(Beginning of Data for review)
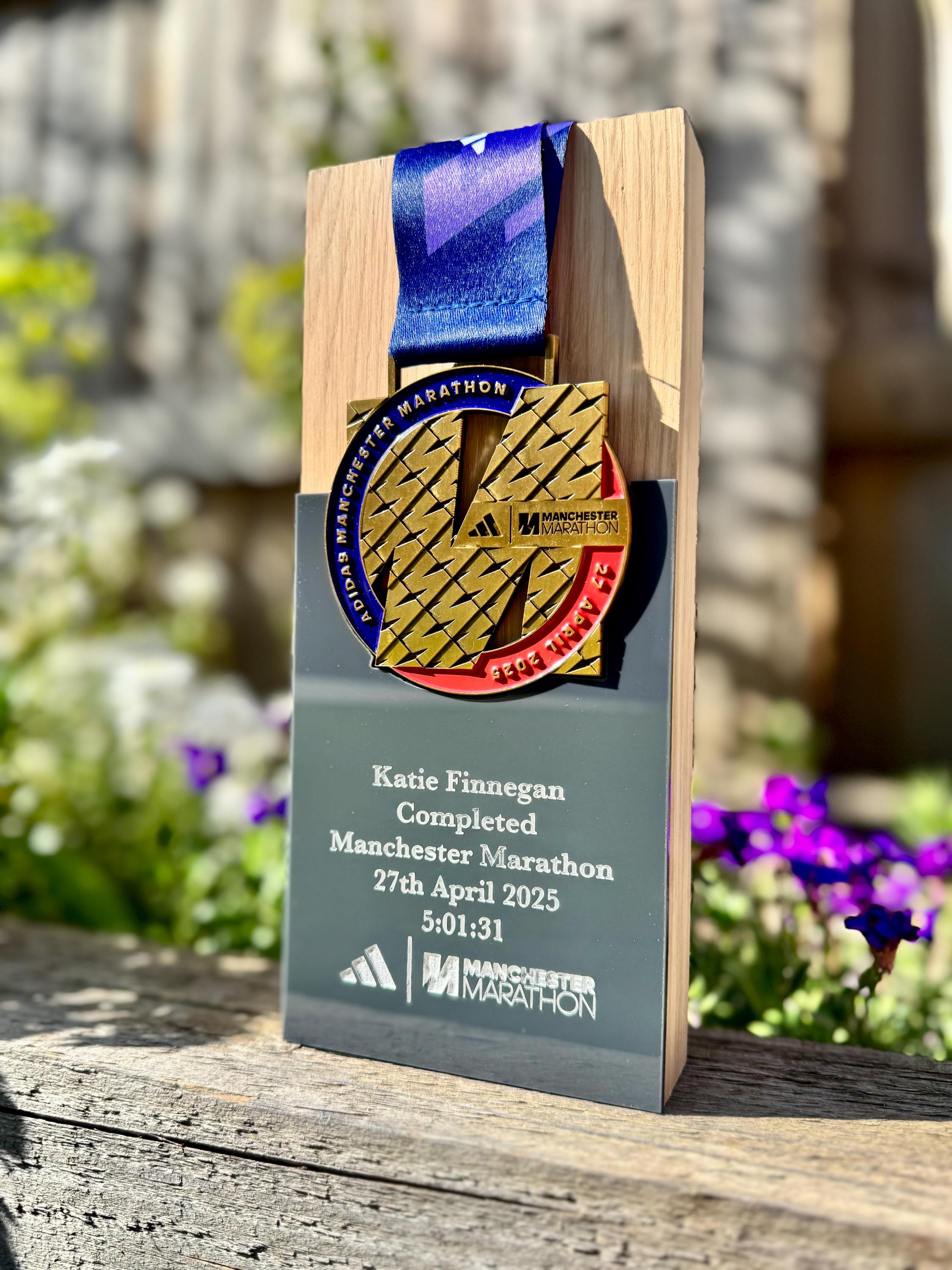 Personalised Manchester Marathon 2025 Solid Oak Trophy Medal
(End of Data for review)
(Beginning of Data for review)
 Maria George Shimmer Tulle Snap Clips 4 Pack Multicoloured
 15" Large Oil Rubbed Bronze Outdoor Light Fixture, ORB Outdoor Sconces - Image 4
(End of Data for review)
What the task requires:
Using the entries shown above, reproduce verbatim the lines from the line bearing "Maria George Shimmer" to the line bearing "Sconces - Image 4", inclusive.

Answer to this exercise:
 Maria George Shimmer Tulle Snap Clips 4 Pack Multicoloured
 15" Large Oil Rubbed Bronze Outdoor Light Fixture, ORB Outdoor Sconces - Image 4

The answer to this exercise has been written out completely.